Oggi, liberata, nomade in Europa, ma tuttora a rischio se dovesse tornare in Turchia, è contenta, a suo modo, che alcune sue opere fatte in carcere siano finalmente a Istanbul. È emozionata.
La prossima settimana riceverà il premio Hypatia al Festival di Genova, in Italia, dove sarà di nuovo presente. Anche se questo nomadismo somiglia alla libertà, Zehra Doğan spiega in questa intervista perché per lei questa libertà non è reale.
Come per la sua esposizione a Milano, torna sulle sue lotte, sui suoi conflitti, e su come lei li proietta nella sua arte.
Intervista di Evrim Kepenek, pubblicata su Bianet, il 9 ottobre 2020
Zehra Doğan : «Non posso esserci, ma la mia arte è in Turchia»
Un’opera che ho realizzato in carcere, che rappresenta il letto di una prigione, sarà esposta. È composta da un drappo e da una federa. Sulla federa c’è la frase che ho scritto usando i miei capelli: «sono Zehra e non mi pento».

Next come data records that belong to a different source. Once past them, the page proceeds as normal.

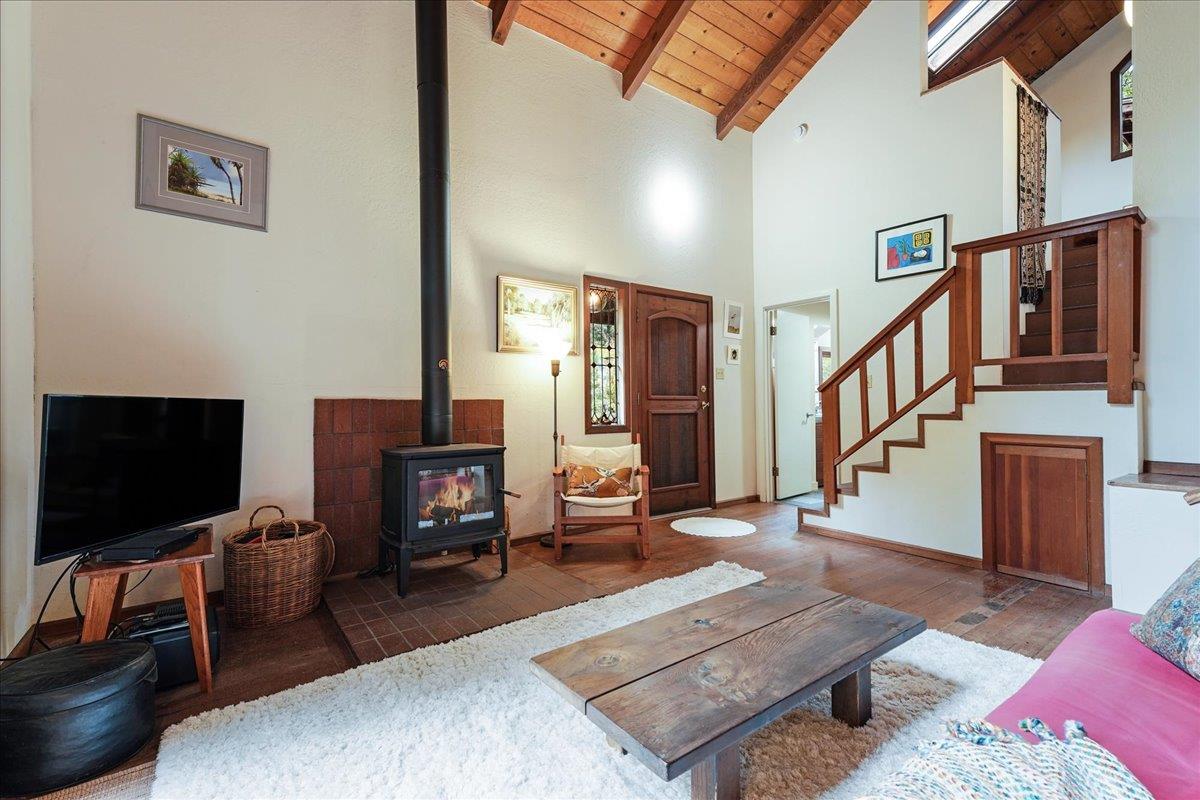 732 Eureka Canyon Road Watsonville, CA 95076 - Photo 6 of 28 a living room with furniture and a flat screen tv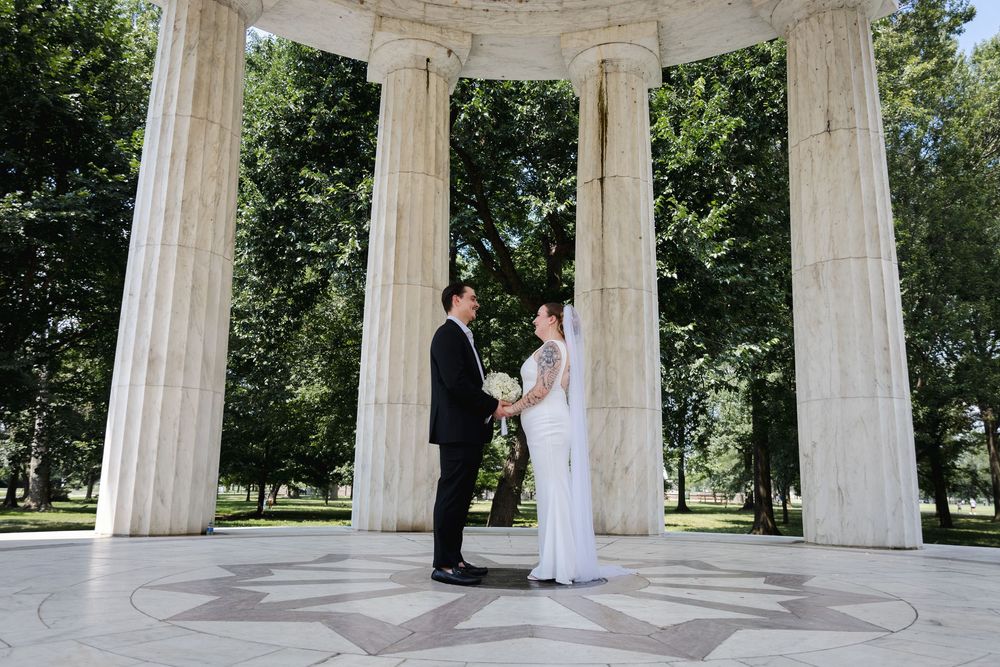 Bride and groom stand facing each other under white marble columns in an outdoor wedding ceremony setting.
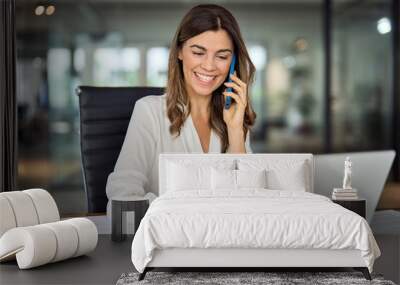 Happy smiling mature middle aged business woman, 40s professional lady executive manager talking on the phone making business call on cellphone at work in office using laptop computer. Wall mural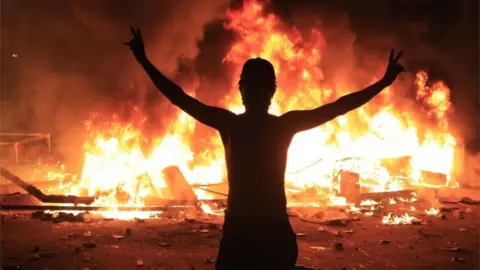 EPA Protestor silhouetted against flames in Karbala, Iraq (28/10/19)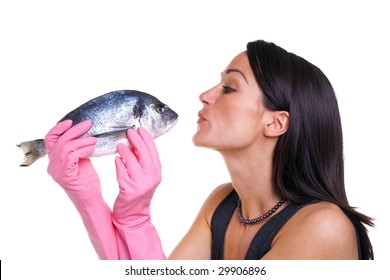 Woman in pink rubber gloves about to kiss a fish, isolated on white background.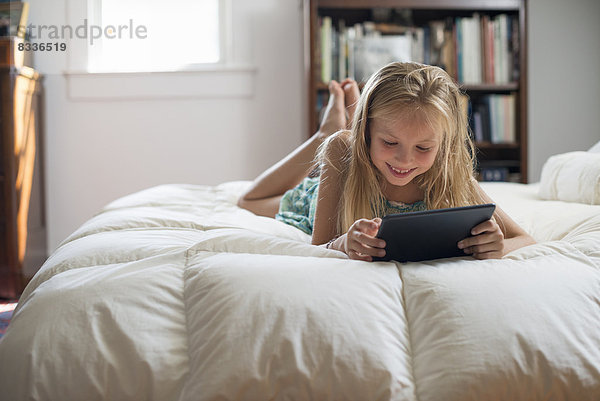 Ein junges Mädchen sitzt auf ihrem Bett und benutzt ein digitales Tablett.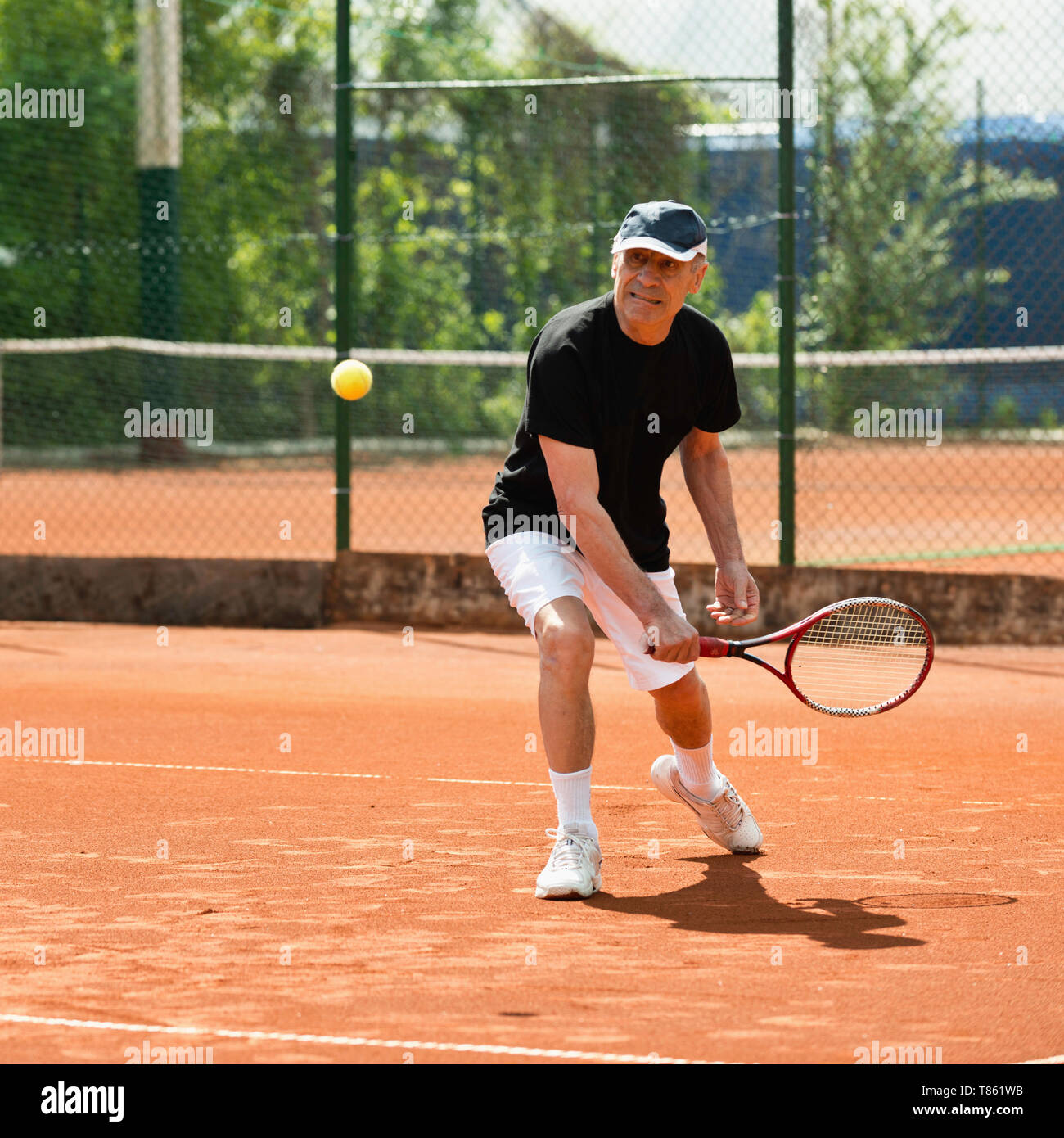 Active senior man playing tennis Stock Photo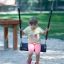 Child sitting on Flat Seat Wooden Swing in playground.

Sul drappo, ho aggiunto, a collage, un foulard che mi aveva regalato mia madre, sul quale avevo raccolto del sangue mestruale. E ho disegnato dei corpi di donne.
In realtà, in quest’opera, più che un messaggio politico, esprimo il fatto che, in quanto donna, non voglio pentirmi. Non ne posso più delle norme sociali imposte alle donne che creano continuamente il senso di colpa per le cose che ci accadono. La società sessista ci ha abituato a farci dire cose come «se non fossi uscita di notte, non sarei stata violentata», «se avessi ascoltato mio padre, non mi sarebbe accaduto quello che mi è capitato», «se non avessi creduto a quest’uomo e avuto relazioni sessuali, non sarei stata deflorata», «non sono più vergine, cosa posso fare adesso?»
Sempre il senso di colpa. Realizzando quest’opera sul letto della prigione, ho voluto creare una metafora. Quel letto esiste anche ora che noi siamo fuori. Noi siamo sempre imprigionate a quel letto. Le donne, anche all’esterno, si sdraiano tutti i giorni su quel letto. Quel letto del carcere è ovunque. Il peggio è che quel letto è anche nella prima notte di nozze di tutte le donne. Ci stendiamo su di esso, avendo paura, con le ginocchia che tremano. È per questo che ho aggiunto del sangue proprio in mezzo al drappo. Quello è il mio sangue mestruale. È l’ho messo nel mezzo del drappo perché ricordi il sangue della prima notte di nozze.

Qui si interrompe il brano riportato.